Whole families, hand in hand, clutching bunches of flowers and soft toys.
Grown men, some carrying teddies, had tears in their eyes.
Schoolboys in football shirts and shorts, little girls in pastel dresses, a mother and her son on their bikes, youngsters in pushchairs.
All gathered to pay their respects at the scene of the Southport stabbings yesterday.
One five-year-old, Bella, sits in pink-trimmed her wheelchair holding a bouquet of red roses and sunflowers.
She watched the TV news and wanted to spend her pocket money on a floral tribute.
It's just hours since Bella's shocked father Alex, 35, leapt into the back seat of a car that had pulled up outside their house - the driver, hysterical, screaming for help, crying that her daughter had been stabbed.
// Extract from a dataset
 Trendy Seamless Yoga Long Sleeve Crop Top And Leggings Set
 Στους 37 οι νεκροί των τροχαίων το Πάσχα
He drove with the mother back towards the scene of the attack, and into the arms of the paramedics, just a few hundreds yards down the street.
Bella's mother Sarah, also 35, was at work at a local nursery, which went into immediate lockdown, its doors barred for the rest of the day.
Yesterday, all three came to pay tribute to the little girls who died and to all those still fighting for their lives.
Sarah said: "Bella is very switched on, she wanted to know what had happened. I just told her there was a mean man, but the police had got him.
"The atmosphere today feels flat, eerie, horrible. We're here because we wanted to pay our respects.
"Being a parent and working in childcare, it brings everything home and hits that much more." Little Charlie, eight, has written a note to go with his flowers and carefully tucks them in with all the others.
He tells his mother Gabrielle he wants to be at the vigil, which took place at the Atkinson venue in Southport last night.
He also wants to be a police officer when he grows up.